### WHAT THE TASK REQUIRES
One exact copy of the listing is needed. It should contain no pictures.
*** COLLECTED MATERIAL Section Begins ***
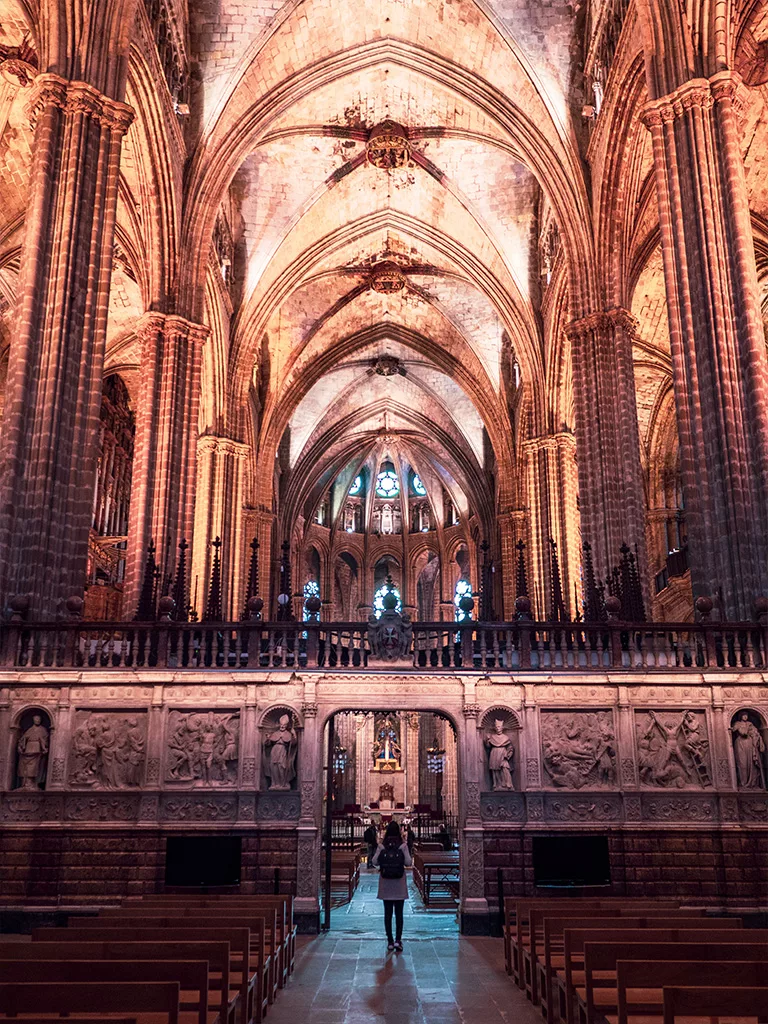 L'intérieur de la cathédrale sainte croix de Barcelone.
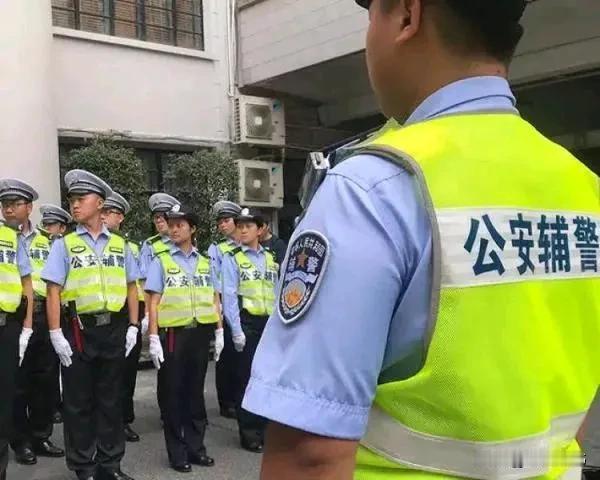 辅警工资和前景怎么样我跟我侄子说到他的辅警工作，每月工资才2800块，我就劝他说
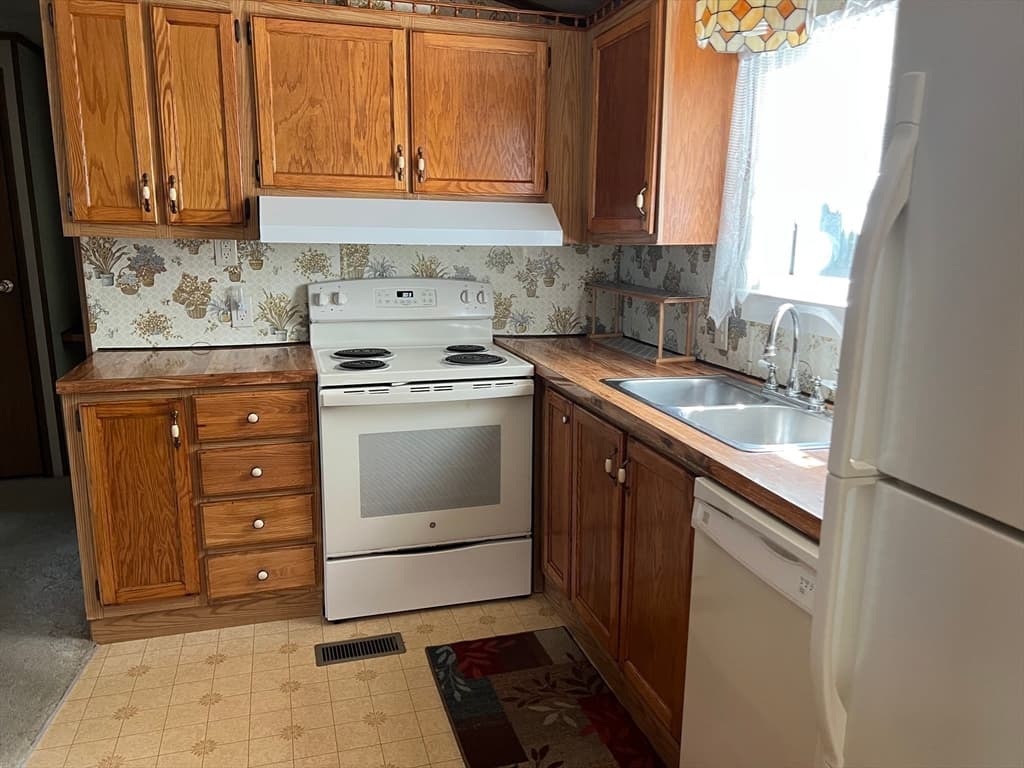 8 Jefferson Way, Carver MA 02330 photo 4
*** COLLECTED MATERIAL Section Ends ***
### REPLY TO THE TASK
 L'intérieur de la cathédrale sainte croix de Barcelone.
 辅警工资和前景怎么样我跟我侄子说到他的辅警工作，每月工资才2800块，我就劝他说
 8 Jefferson Way, Carver MA 02330 photo 4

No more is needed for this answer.